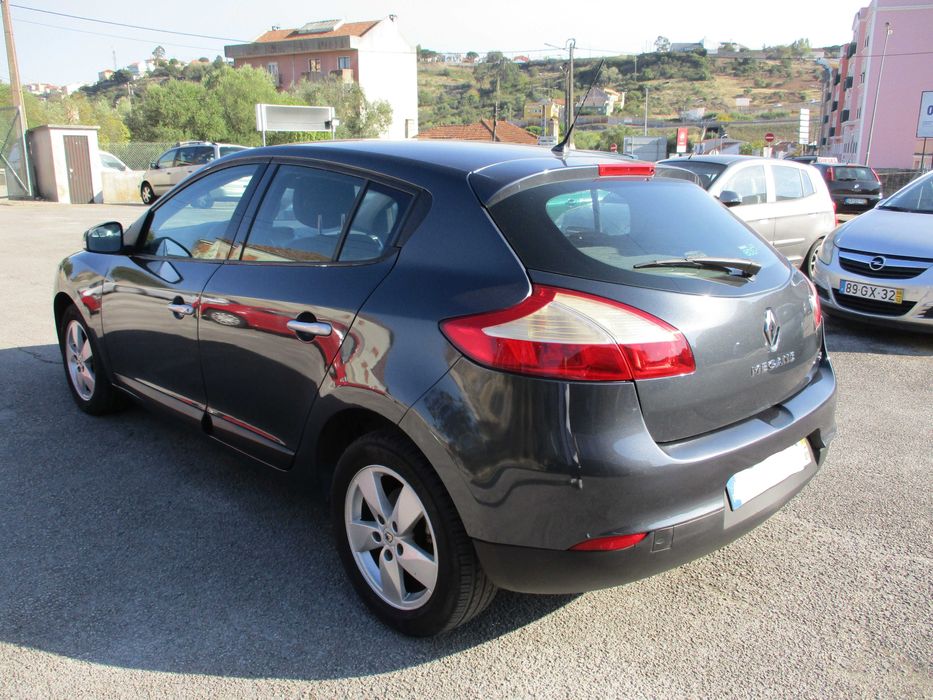 RENAULT MEGANE 1.5 DCI COM GARANTIA + REVISAO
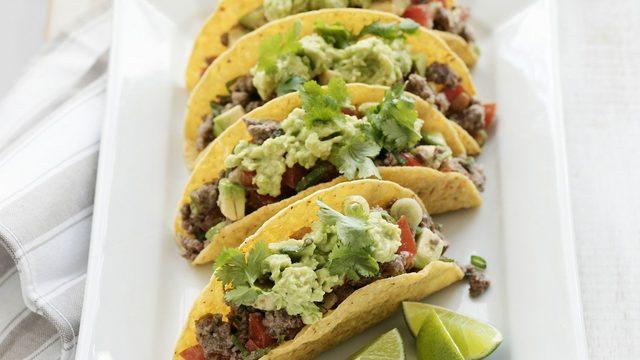 Meksika'nın çıtır lezzeti Taco'yu Guacamole sos ile yemeye doyamayacaksınız!  Zuhal Topal'la Yemekteyiz Taco ve Guacamole tarifi! 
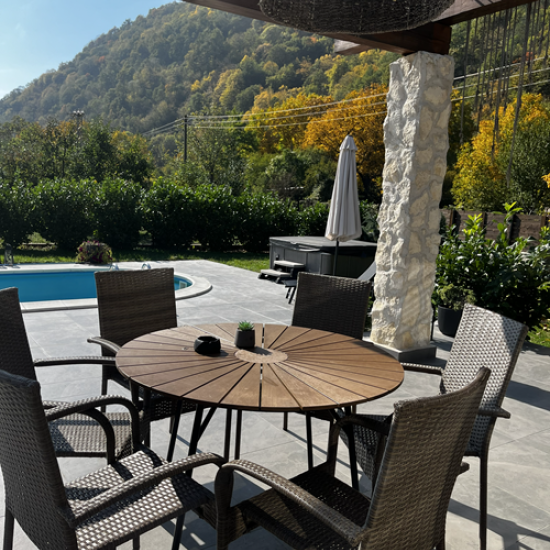 Там, където красотата и комфортът са в пълна хармония - подарете си  2 нощувки във вила Valmont Luxury Chalet от Makaroon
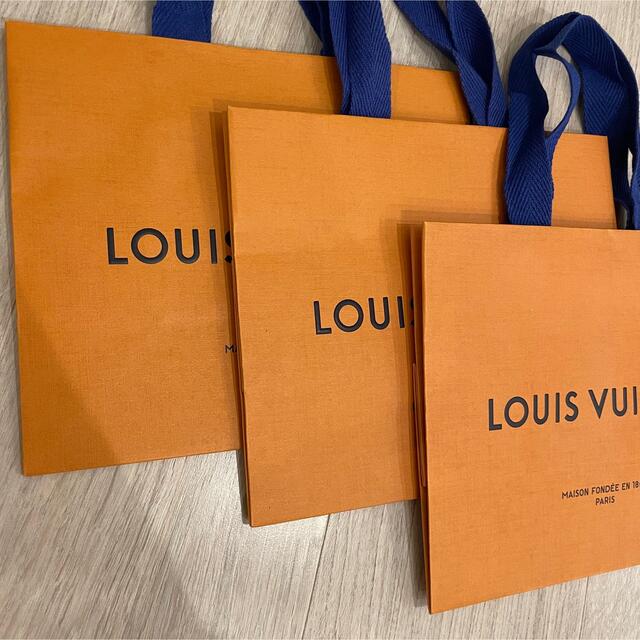 LOUIS VUITTON(ルイヴィトン)のルイヴィトン ショップ袋3枚セット レディースのバッグ(ショップ袋)の商品写真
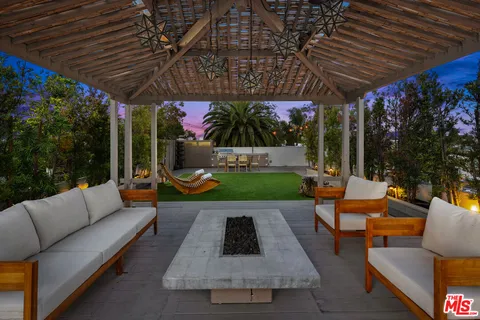 $3,895,000 | 613 Westmount Drive, West Hollywood, CA 90069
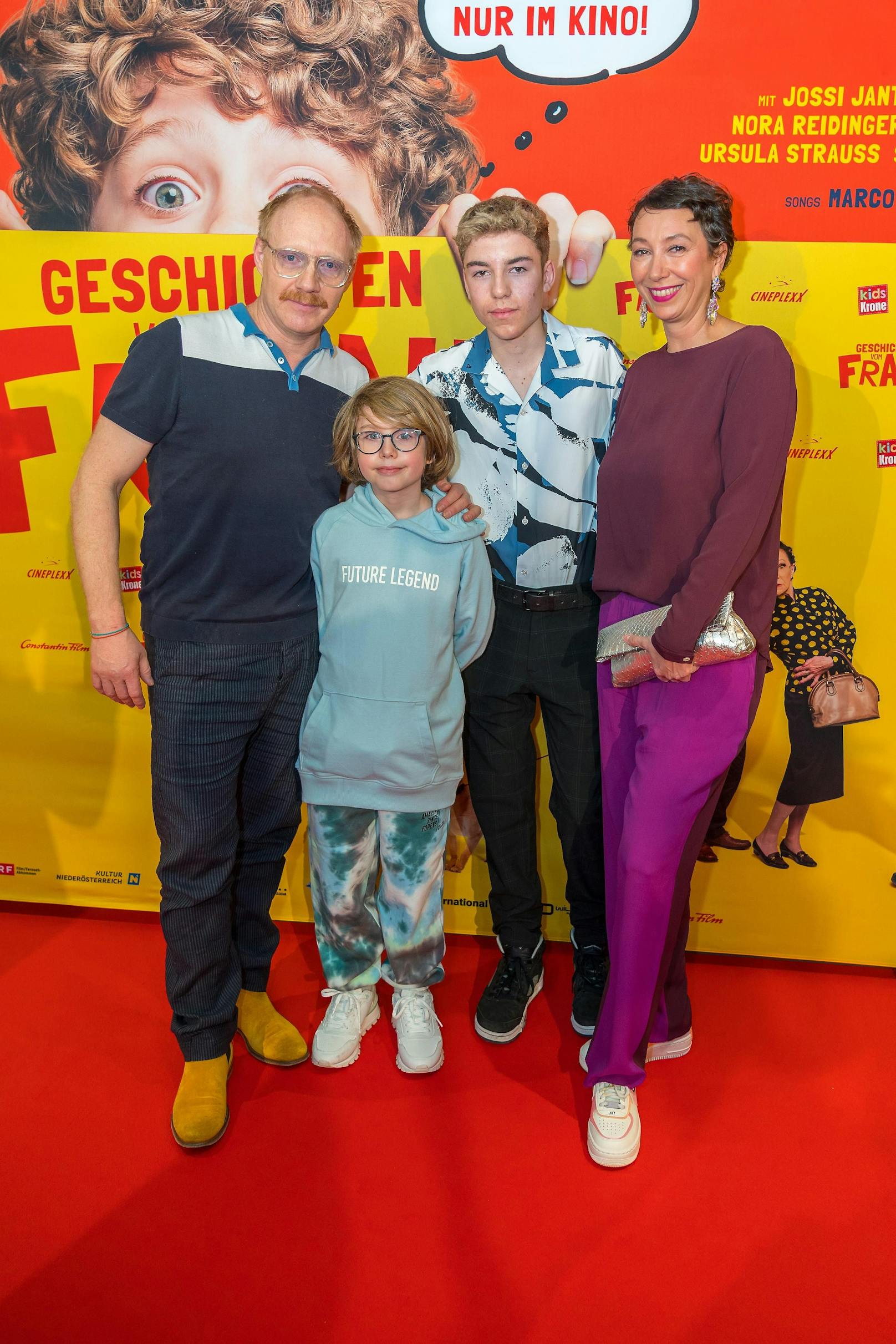 Die Familie Fröstl: Simon Schwarz, Jossi Jantschitsch,&nbsp;Laurenz Haider und Ursula Strauss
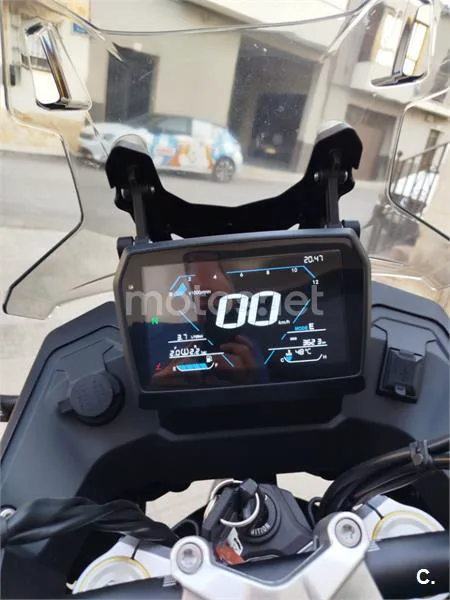 Voge 525DSX - Vista 3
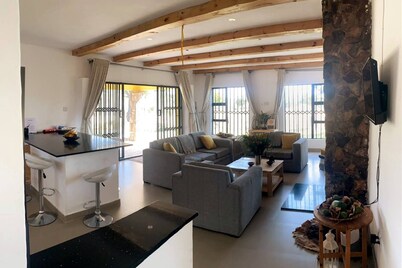 Cozy Msasa Views Cottage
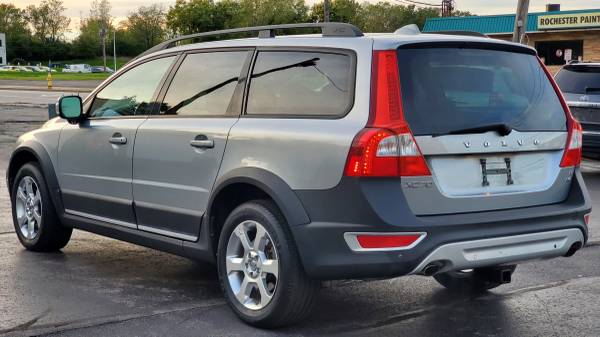 2009 Volvo XC70 T6 AWD (FREE CARFAX! RUNS AND DRIVES LIKE NEW! for sale in Rochester , NY – photo 4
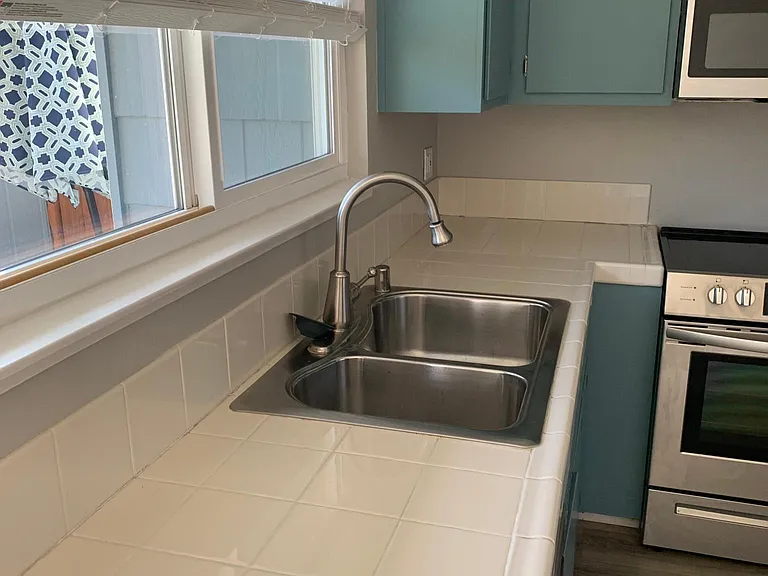1443 Spring Valley Cmn — Photo 17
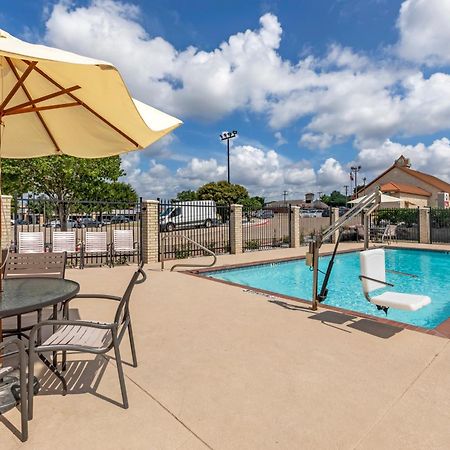 Best Western Plus Lake Worth Екстериор снимка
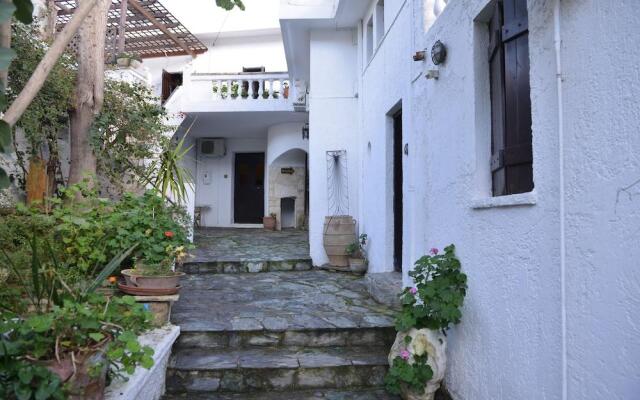 Troullos Apart-Hotel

● **What to work on**
Please quote the lines of the material, beginning with the first and ending with the one that contains "Meksika'nın çıtır lezzeti", exactly as written and without any pictures.

● **Answer below**
 RENAULT MEGANE 1.5 DCI COM GARANTIA + REVISAO
 Meksika'nın çıtır lezzeti Taco'yu Guacamole sos ile yemeye doyamayacaksınız!  Zuhal Topal'la Yemekteyiz Taco ve Guacamole tarifi! 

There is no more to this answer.